Source data:

--------

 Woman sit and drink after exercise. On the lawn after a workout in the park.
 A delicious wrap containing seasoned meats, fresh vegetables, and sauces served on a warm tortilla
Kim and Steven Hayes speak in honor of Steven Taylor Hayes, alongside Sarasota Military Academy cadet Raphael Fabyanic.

--------

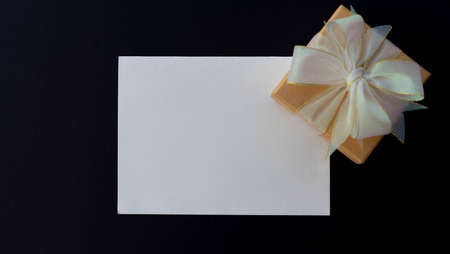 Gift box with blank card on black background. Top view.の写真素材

--------

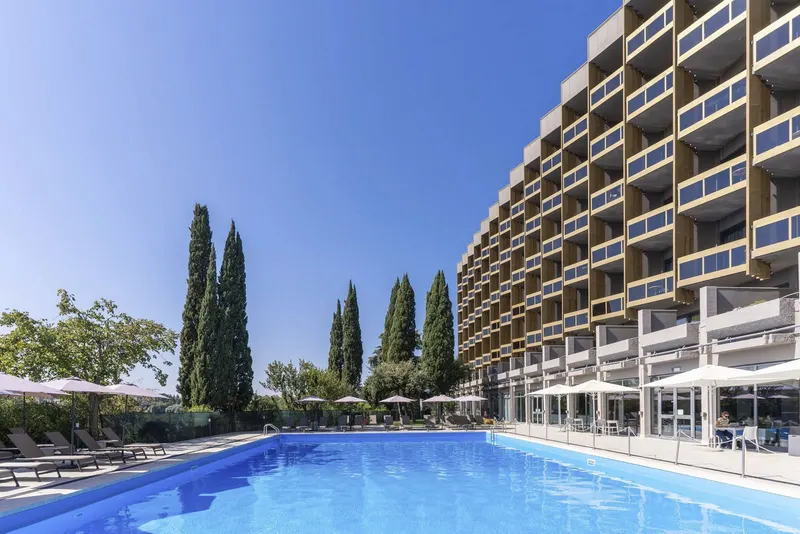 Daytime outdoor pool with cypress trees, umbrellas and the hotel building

--------

What is being asked: From the entries above, print the lines beginning at the one with "Woman sit and" and stopping after the one with "Kim and Steven", exactly as written and with nothing else.

Your solution:
 Woman sit and drink after exercise. On the lawn after a workout in the park.
 A delicious wrap containing seasoned meats, fresh vegetables, and sauces served on a warm tortilla
Kim and Steven Hayes speak in honor of Steven Taylor Hayes, alongside Sarasota Military Academy cadet Raphael Fabyanic.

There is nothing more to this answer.